MSS(3) should be a brief paraphrase of all that has been shown earlier. Care should be taken not to repeat the same stances, even though the ideas and images that are sought to be conveyed and created may be the same.
MSS(4) is the clinching argument 'How can I bear this' is the first part. 'Why don't you come right now' is the second. The next two lines are again a quick, mercurial paraphrase of all that has been done earlier.
It must be remembered that in MSS(3) and MSS(4), lengthy sanchari-s should be avoided. As a matter of fact if sanchari-s aretaken to mean other stories interpolated, these should be done only in the anupallavi, charanam and MSS (1). In the following, variants of the same idea can be shown (this can be done in the earlier part too).

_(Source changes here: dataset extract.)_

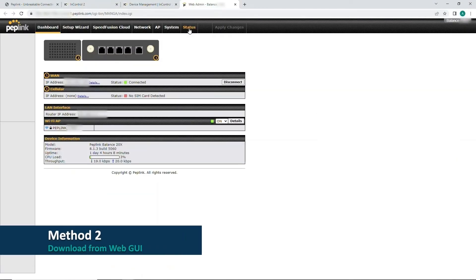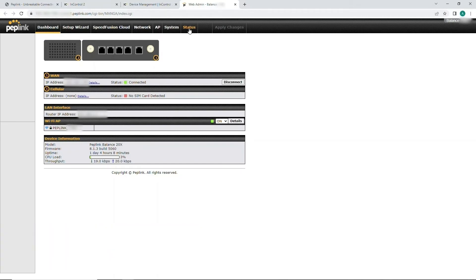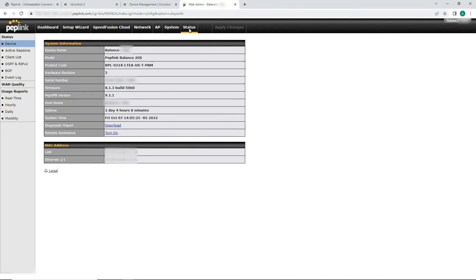Our second method is for downloading diagnostic reports from the WebGUI. Simply click the Status button, and then click the Download link next to Diagnostic Report.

As the song progresses, the delineation should be quicker which is not to be confused with quickening the pace of the song. It should be remembered that two minutes of a particular snatch of abhinaya done at the beginning of the song will seem like thirty seconds, and at the end of the piece, like five minutes. This is no reflection on the dancer or choreography but on the law of diminishing returns that applies.
The final denouement for the last two lines, should be a joyous assumption that he is going to fulfil the heroine's longing. It should never be ended with 'suffering in your absence' kind of a grimace. If done expertly, the audience must think that Brihadeeswarais already in the wings waiting to embrace the heroine on her exit.
When I think of this varnam, I can't but recall BharatanatyamKaraala's exquisite exposition of this magnificent piece some years ago at the Music Academy. She pulled it off so superbly that one could read love, longing, devotion, affection in that longing and find a surging release in her dance. If that isn't a many splendoured thing, what is?